▶ ASSIGNMENT
Your reply is to be the lines below, exactly as written, with images omitted.

▶ DATASET EXCERPT
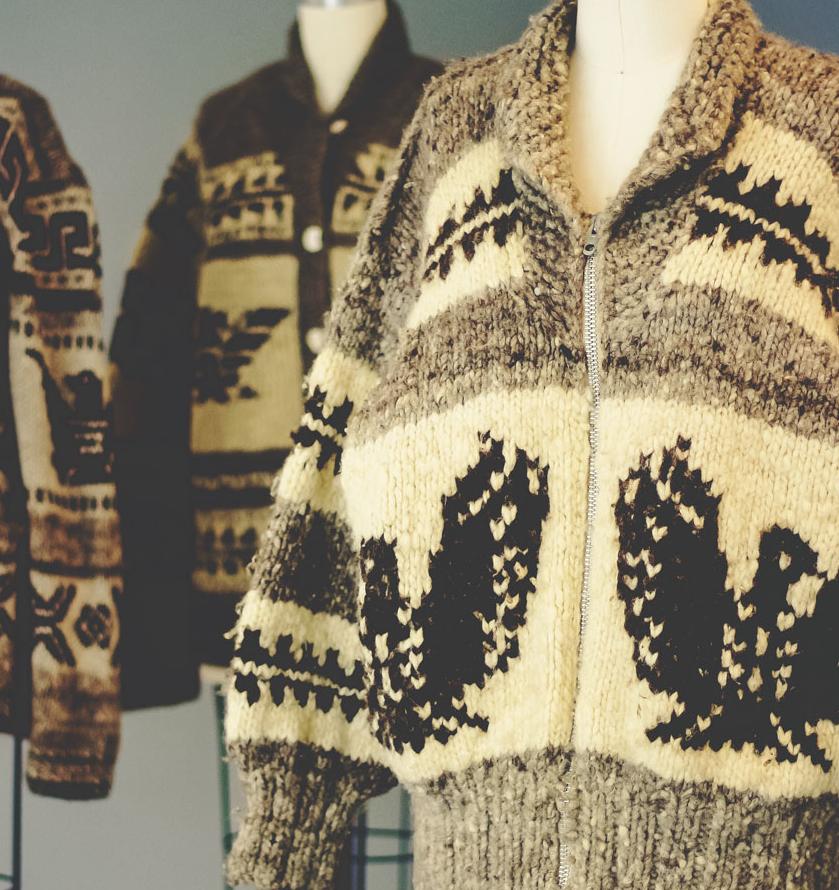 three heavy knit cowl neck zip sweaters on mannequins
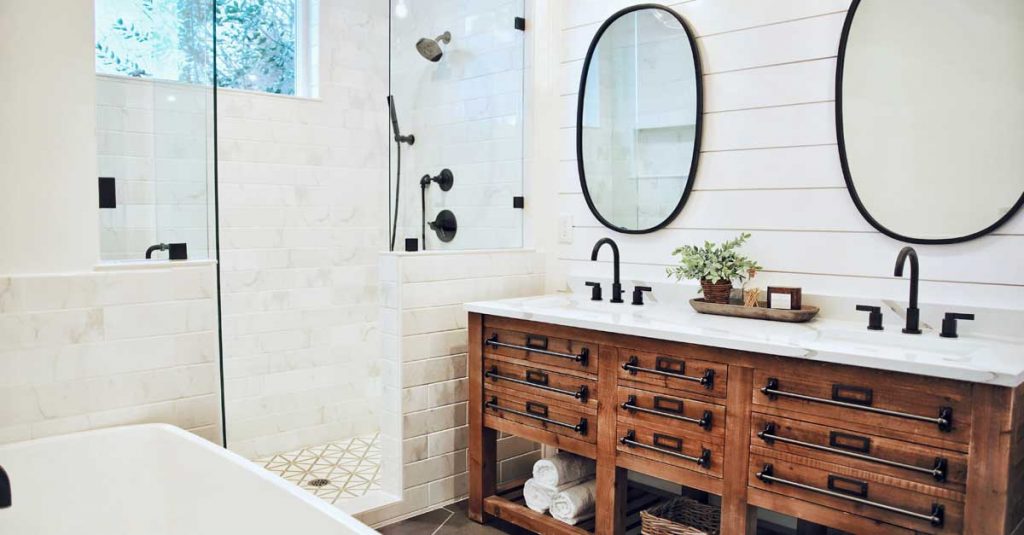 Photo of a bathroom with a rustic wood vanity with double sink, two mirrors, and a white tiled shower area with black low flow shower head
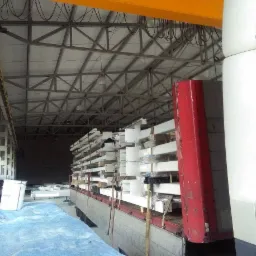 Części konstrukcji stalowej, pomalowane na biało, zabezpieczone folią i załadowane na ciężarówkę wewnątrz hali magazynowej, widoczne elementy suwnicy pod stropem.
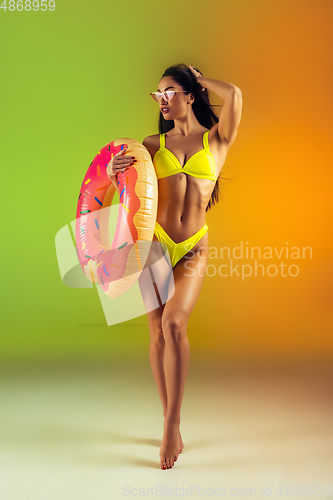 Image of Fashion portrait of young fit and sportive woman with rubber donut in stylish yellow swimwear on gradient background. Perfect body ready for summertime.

▶ PROBLEM SOLUTION
 three heavy knit cowl neck zip sweaters on mannequins
 Photo of a bathroom with a rustic wood vanity with double sink, two mirrors, and a white tiled shower area with black low flow shower head
 Części konstrukcji stalowej, pomalowane na biało, zabezpieczone folią i załadowane na ciężarówkę wewnątrz hali magazynowej, widoczne elementy suwnicy pod stropem.
 Image of Fashion portrait of young fit and sportive woman with rubber donut in stylish yellow swimwear on gradient background. Perfect body ready for summertime.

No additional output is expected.